== Segment start ==
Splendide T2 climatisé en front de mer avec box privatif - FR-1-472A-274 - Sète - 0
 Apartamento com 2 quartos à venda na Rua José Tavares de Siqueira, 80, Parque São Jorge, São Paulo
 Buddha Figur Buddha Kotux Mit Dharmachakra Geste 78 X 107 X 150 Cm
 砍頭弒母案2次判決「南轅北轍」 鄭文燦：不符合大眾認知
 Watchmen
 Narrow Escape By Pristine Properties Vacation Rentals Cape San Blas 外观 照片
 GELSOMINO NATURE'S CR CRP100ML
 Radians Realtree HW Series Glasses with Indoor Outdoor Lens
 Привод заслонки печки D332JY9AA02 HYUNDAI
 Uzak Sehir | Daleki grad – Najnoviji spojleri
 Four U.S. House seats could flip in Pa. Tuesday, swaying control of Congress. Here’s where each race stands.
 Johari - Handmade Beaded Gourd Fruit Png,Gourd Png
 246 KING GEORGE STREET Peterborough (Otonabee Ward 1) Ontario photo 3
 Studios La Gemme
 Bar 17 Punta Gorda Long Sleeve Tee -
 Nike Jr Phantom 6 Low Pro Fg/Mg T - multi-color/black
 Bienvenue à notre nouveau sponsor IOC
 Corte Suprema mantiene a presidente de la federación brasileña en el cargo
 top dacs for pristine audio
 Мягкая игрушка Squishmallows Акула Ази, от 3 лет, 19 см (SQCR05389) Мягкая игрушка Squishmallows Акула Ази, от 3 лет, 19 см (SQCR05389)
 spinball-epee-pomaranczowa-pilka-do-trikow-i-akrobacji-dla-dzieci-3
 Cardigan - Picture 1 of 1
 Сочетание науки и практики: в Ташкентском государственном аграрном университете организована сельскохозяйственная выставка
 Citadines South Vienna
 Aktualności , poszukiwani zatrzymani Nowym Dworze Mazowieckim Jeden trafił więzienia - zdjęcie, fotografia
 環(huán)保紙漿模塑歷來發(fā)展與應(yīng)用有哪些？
== Segment end ==
• **WHAT NEEDS TO BE DONE**
Reproduce the entries above exactly, but only the lines between the line holding "Uzak Sehir |" and the line holding "Bar 17 Punta", inclusive.

• **OUTPUT**
 Uzak Sehir | Daleki grad – Najnoviji spojleri
 Four U.S. House seats could flip in Pa. Tuesday, swaying control of Congress. Here’s where each race stands.
 Johari - Handmade Beaded Gourd Fruit Png,Gourd Png
 246 KING GEORGE STREET Peterborough (Otonabee Ward 1) Ontario photo 3
 Studios La Gemme
 Bar 17 Punta Gorda Long Sleeve Tee -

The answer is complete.